Scraped caption text data:
::::::

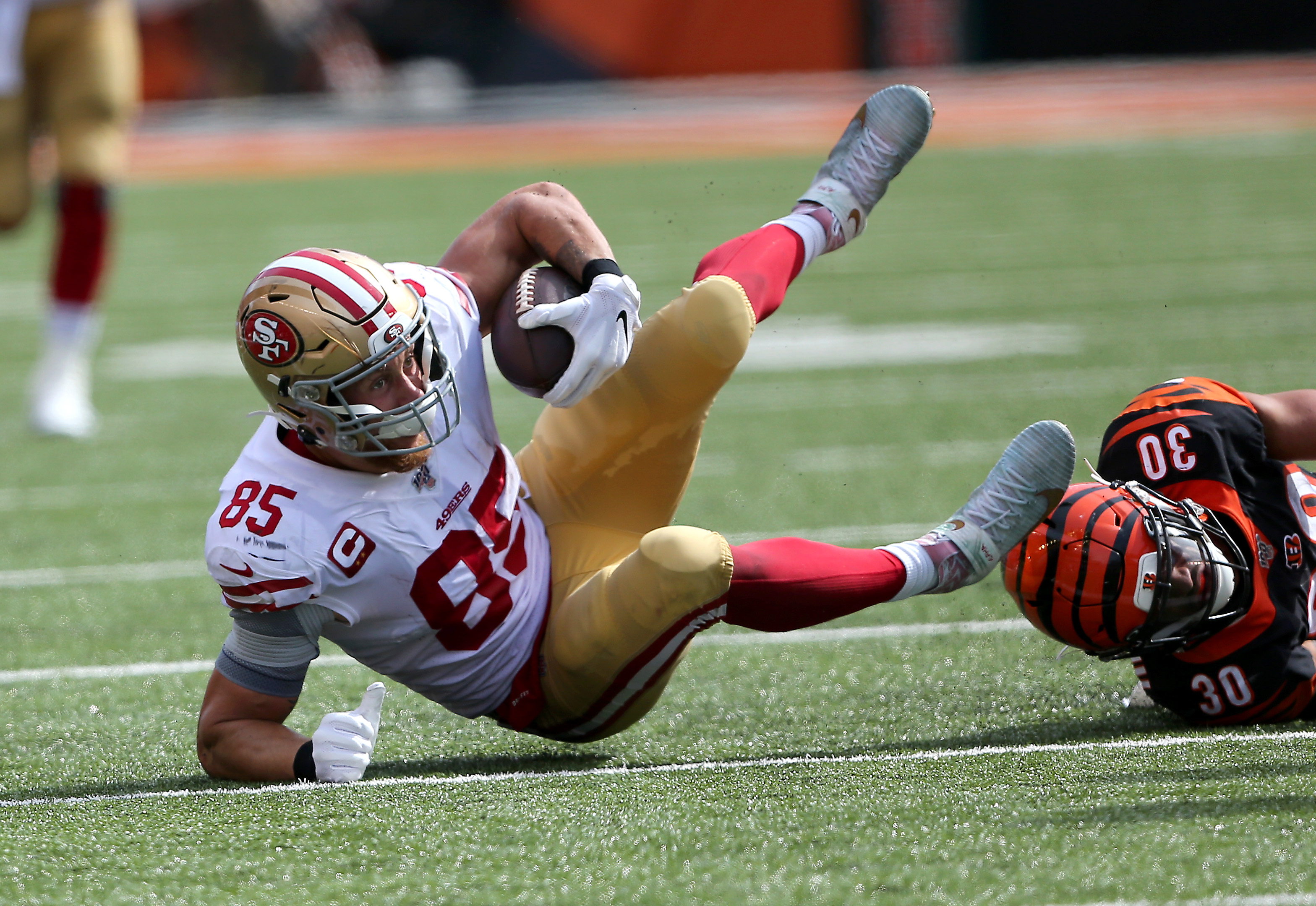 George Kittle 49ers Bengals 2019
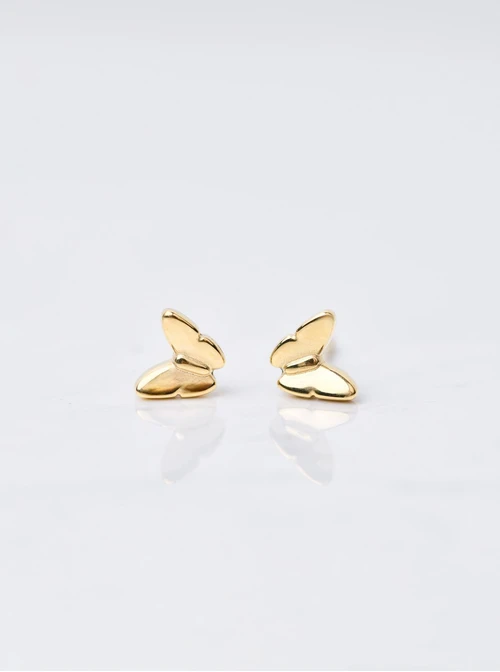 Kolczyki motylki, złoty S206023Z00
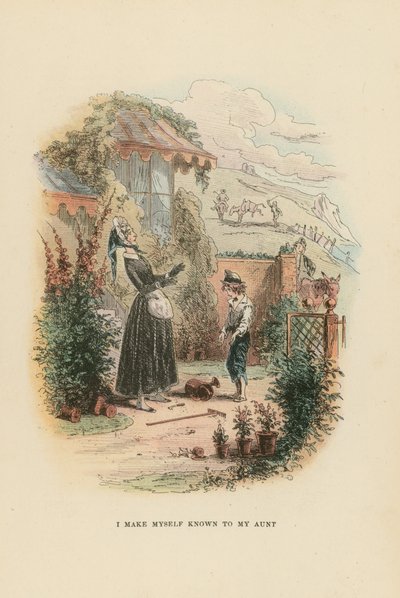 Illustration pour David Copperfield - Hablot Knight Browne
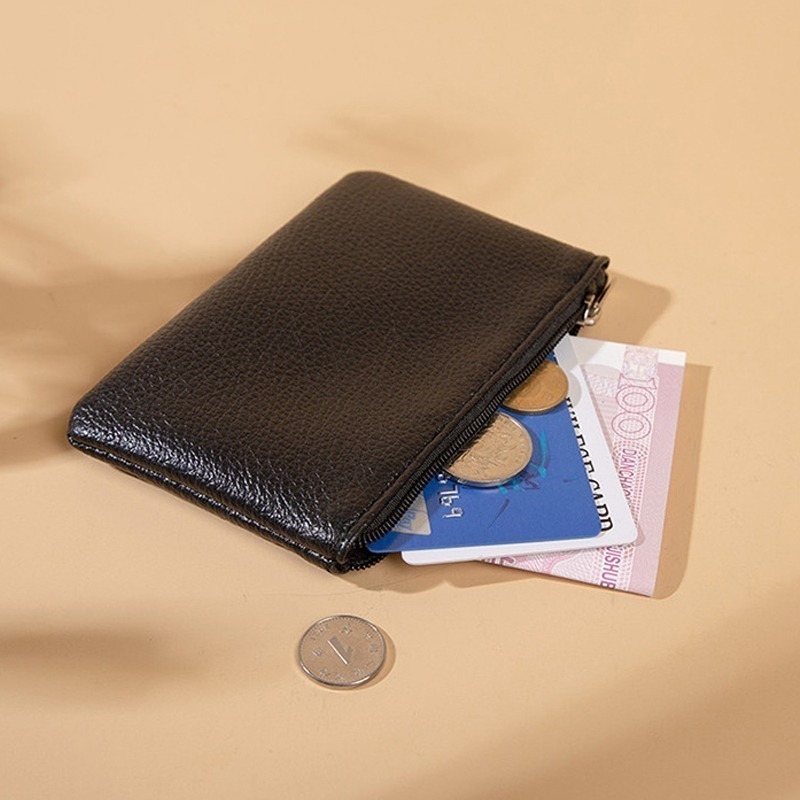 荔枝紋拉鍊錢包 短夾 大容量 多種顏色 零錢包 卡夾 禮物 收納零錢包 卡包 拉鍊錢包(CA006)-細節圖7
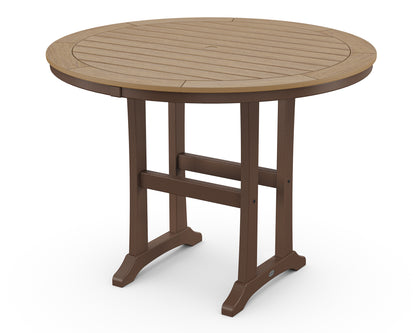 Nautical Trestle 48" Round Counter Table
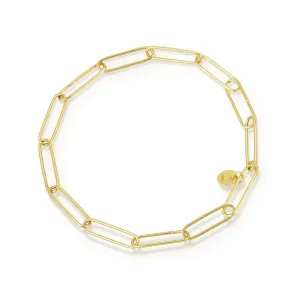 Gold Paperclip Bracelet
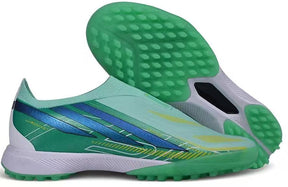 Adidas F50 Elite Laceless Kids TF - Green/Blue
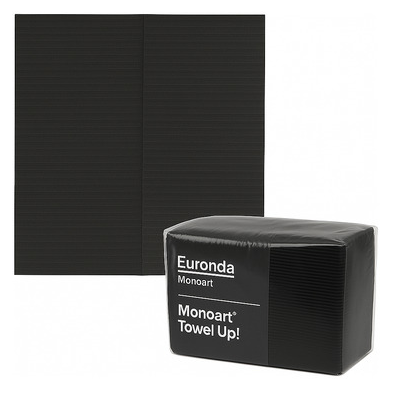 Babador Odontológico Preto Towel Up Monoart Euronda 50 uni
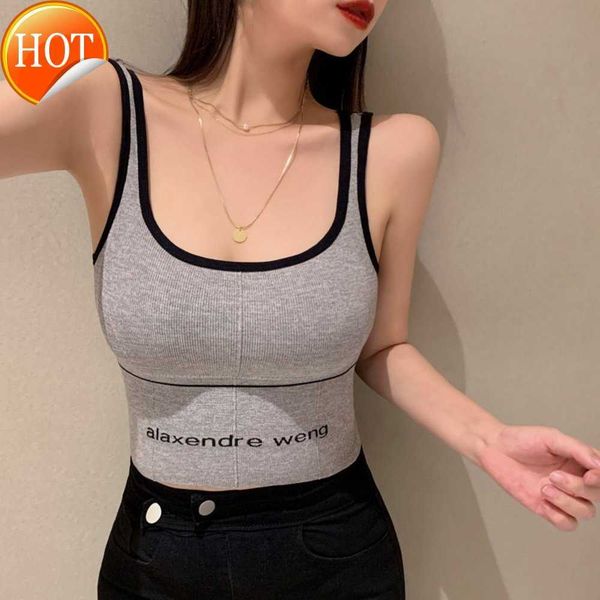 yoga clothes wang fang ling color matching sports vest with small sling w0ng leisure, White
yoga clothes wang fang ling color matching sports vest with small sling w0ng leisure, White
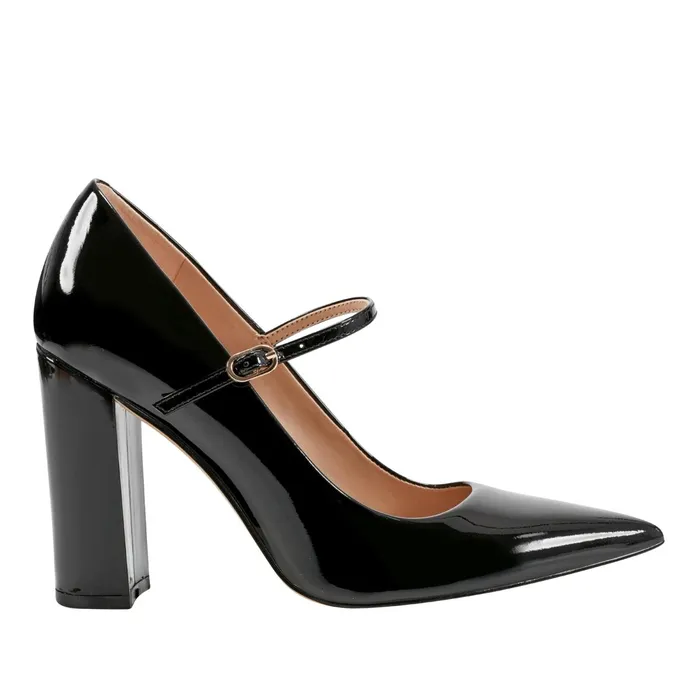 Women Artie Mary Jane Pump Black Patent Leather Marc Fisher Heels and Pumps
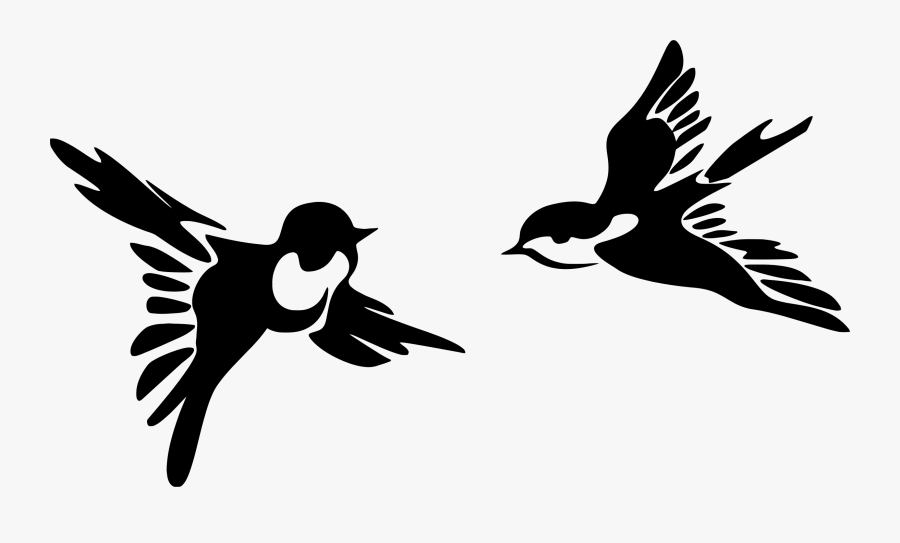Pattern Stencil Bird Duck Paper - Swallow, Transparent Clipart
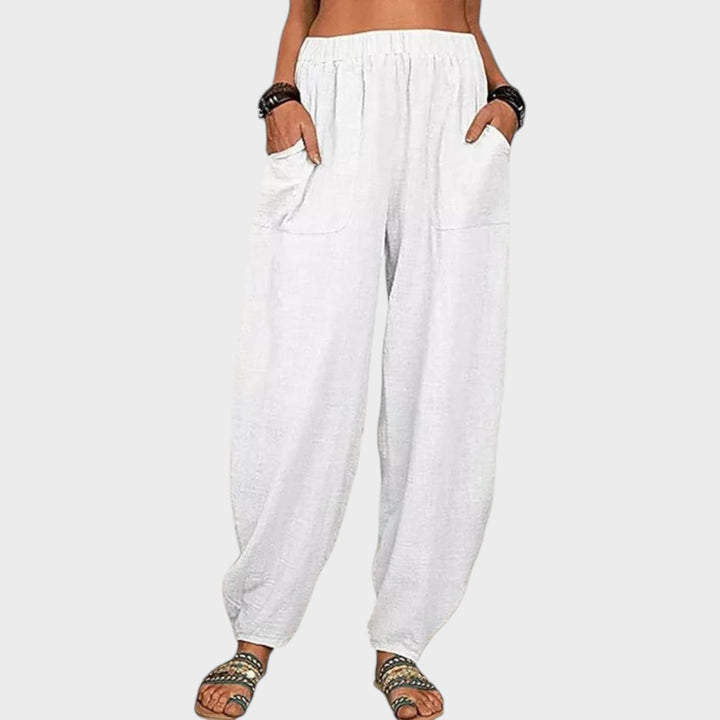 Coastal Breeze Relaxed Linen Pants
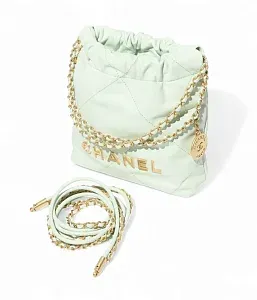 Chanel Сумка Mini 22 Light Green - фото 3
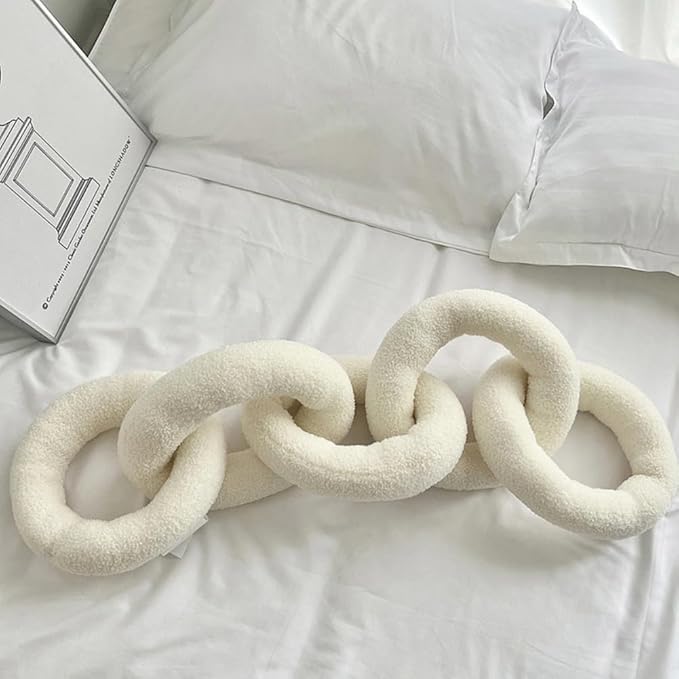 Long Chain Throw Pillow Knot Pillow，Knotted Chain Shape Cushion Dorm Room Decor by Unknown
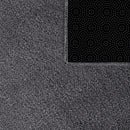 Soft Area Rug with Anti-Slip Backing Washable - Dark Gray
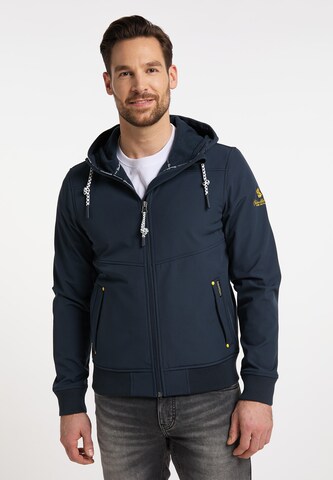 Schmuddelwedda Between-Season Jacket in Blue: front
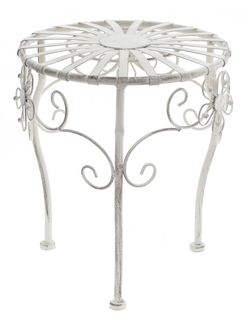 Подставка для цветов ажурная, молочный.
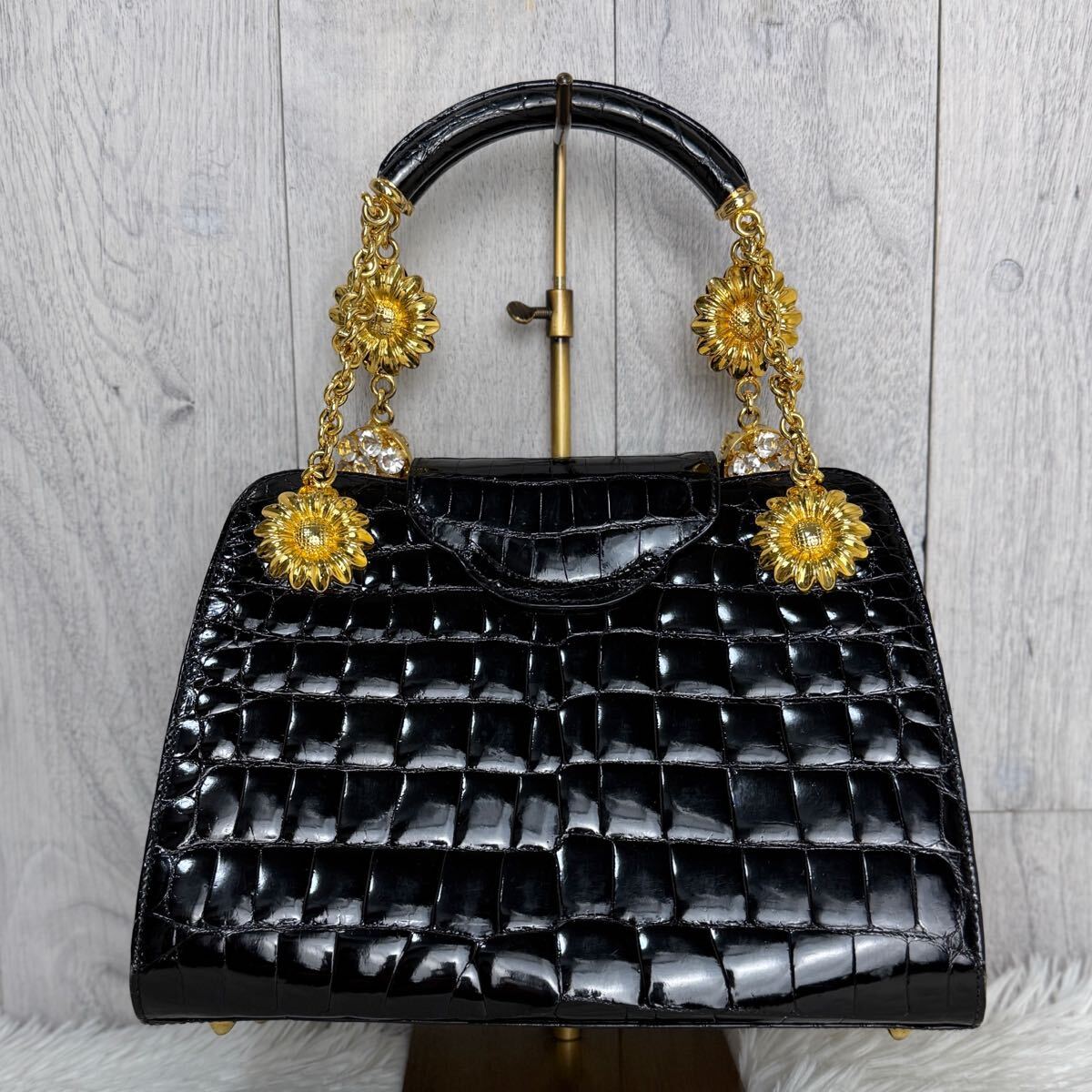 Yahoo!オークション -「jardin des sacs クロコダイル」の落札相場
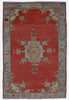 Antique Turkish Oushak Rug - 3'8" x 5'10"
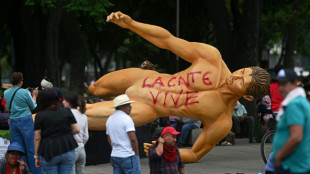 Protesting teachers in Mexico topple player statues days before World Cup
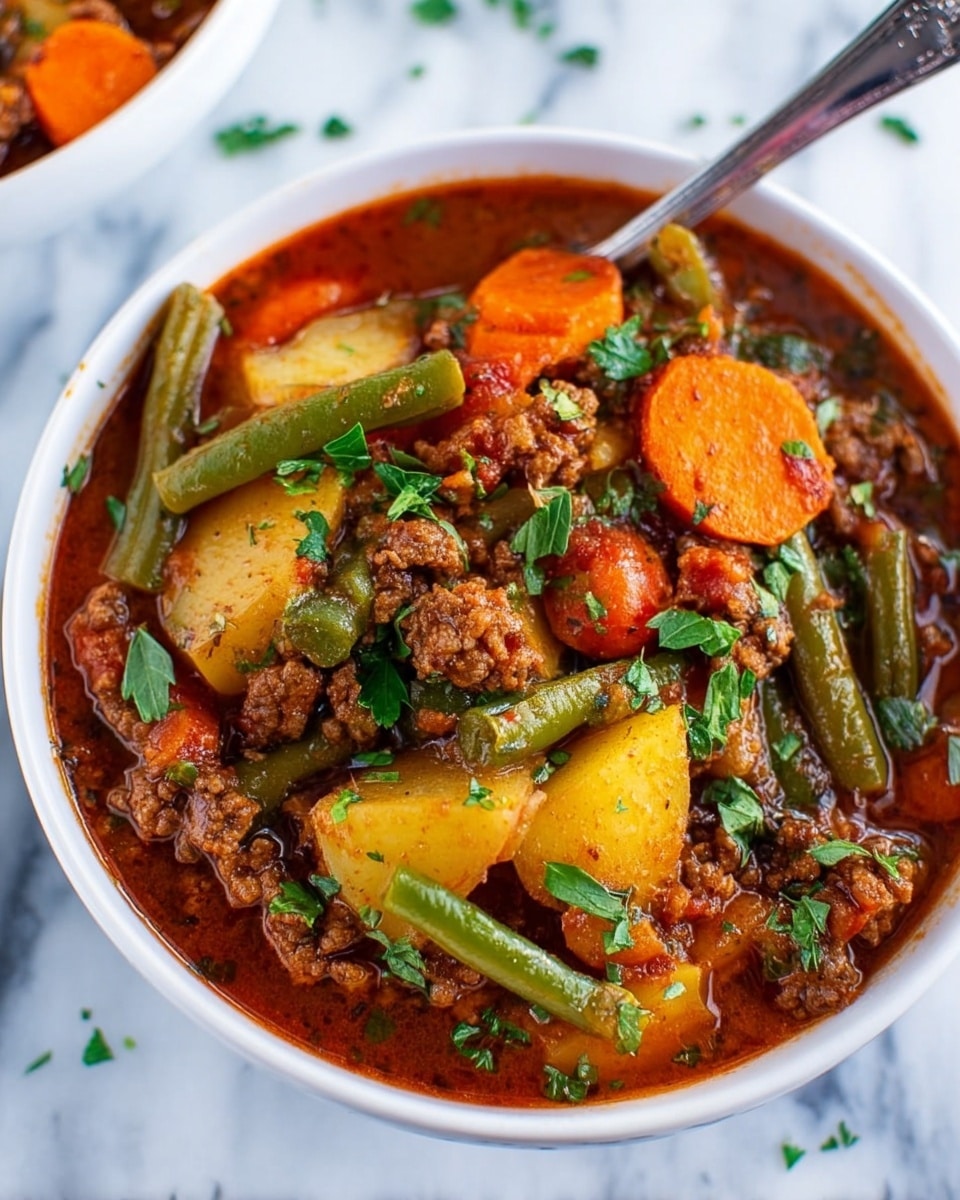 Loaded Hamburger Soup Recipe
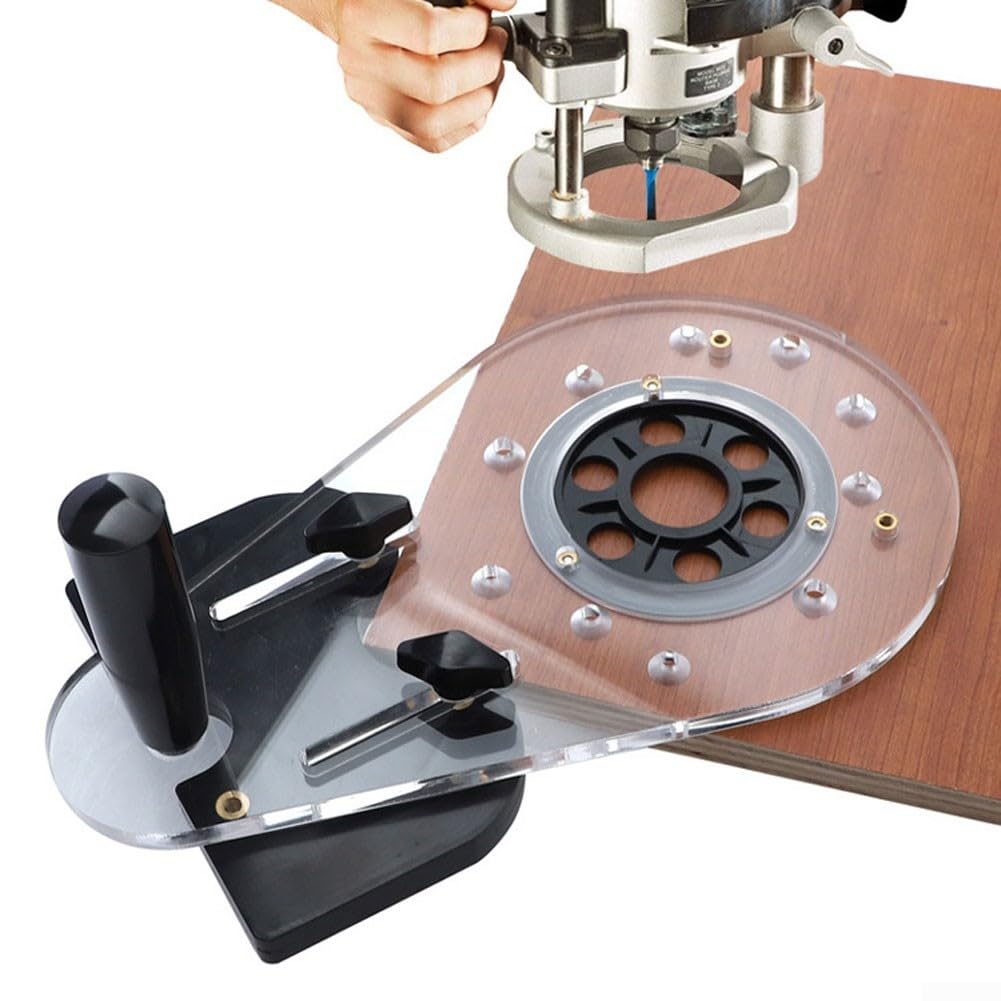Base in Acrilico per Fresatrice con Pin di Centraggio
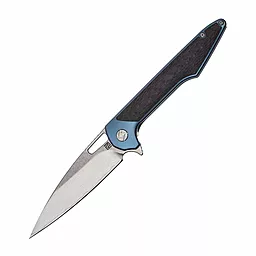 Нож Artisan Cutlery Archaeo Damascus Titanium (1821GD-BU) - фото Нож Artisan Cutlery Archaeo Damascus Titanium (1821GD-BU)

::::::

**What you are asked to do**. Reproduce the records above exactly, but only from the line with "Coastal Breeze Relaxed Linen Pants" up to and including the line with "Base in Acrilico". Leave the pictures out.

**Exercise answer**.
 Coastal Breeze Relaxed Linen Pants
 Chanel Сумка Mini 22 Light Green - фото 3
 Long Chain Throw Pillow Knot Pillow，Knotted Chain Shape Cushion Dorm Room Decor by Unknown
 Soft Area Rug with Anti-Slip Backing Washable - Dark Gray
 Schmuddelwedda Between-Season Jacket in Blue: front
 Подставка для цветов ажурная, молочный.
 Yahoo!オークション -「jardin des sacs クロコダイル」の落札相場
 Antique Turkish Oushak Rug - 3'8" x 5'10"
 Protesting teachers in Mexico topple player statues days before World Cup
 Loaded Hamburger Soup Recipe
Base in Acrilico per Fresatrice con Pin di Centraggio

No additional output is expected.